### Dataset excerpts
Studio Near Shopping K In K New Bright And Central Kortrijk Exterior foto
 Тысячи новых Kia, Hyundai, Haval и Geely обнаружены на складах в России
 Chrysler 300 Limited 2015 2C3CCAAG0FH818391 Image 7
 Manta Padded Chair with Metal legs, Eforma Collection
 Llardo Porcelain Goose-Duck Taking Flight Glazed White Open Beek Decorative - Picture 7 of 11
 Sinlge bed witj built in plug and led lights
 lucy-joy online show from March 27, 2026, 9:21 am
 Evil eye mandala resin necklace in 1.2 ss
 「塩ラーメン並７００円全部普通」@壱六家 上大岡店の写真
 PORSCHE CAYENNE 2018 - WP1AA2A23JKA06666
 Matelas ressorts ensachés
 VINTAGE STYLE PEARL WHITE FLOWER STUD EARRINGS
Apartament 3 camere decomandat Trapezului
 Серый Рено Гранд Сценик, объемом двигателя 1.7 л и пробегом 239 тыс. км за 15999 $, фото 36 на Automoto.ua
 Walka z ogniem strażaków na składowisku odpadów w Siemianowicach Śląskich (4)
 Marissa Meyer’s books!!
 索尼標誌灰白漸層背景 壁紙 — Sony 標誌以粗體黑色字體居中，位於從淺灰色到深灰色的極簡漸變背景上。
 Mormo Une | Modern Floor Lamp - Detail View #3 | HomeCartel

### Task objective
Would you please set down the lines from the one with "Matelas ressorts ensachés" to the end of the data above, exactly and without any other lines?

### Response to this exercise
 Matelas ressorts ensachés
 VINTAGE STYLE PEARL WHITE FLOWER STUD EARRINGS
Apartament 3 camere decomandat Trapezului
 Серый Рено Гранд Сценик, объемом двигателя 1.7 л и пробегом 239 тыс. км за 15999 $, фото 36 на Automoto.ua
 Walka z ogniem strażaków na składowisku odpadów w Siemianowicach Śląskich (4)
 Marissa Meyer’s books!!
 索尼標誌灰白漸層背景 壁紙 — Sony 標誌以粗體黑色字體居中，位於從淺灰色到深灰色的極簡漸變背景上。
 Mormo Une | Modern Floor Lamp - Detail View #3 | HomeCartel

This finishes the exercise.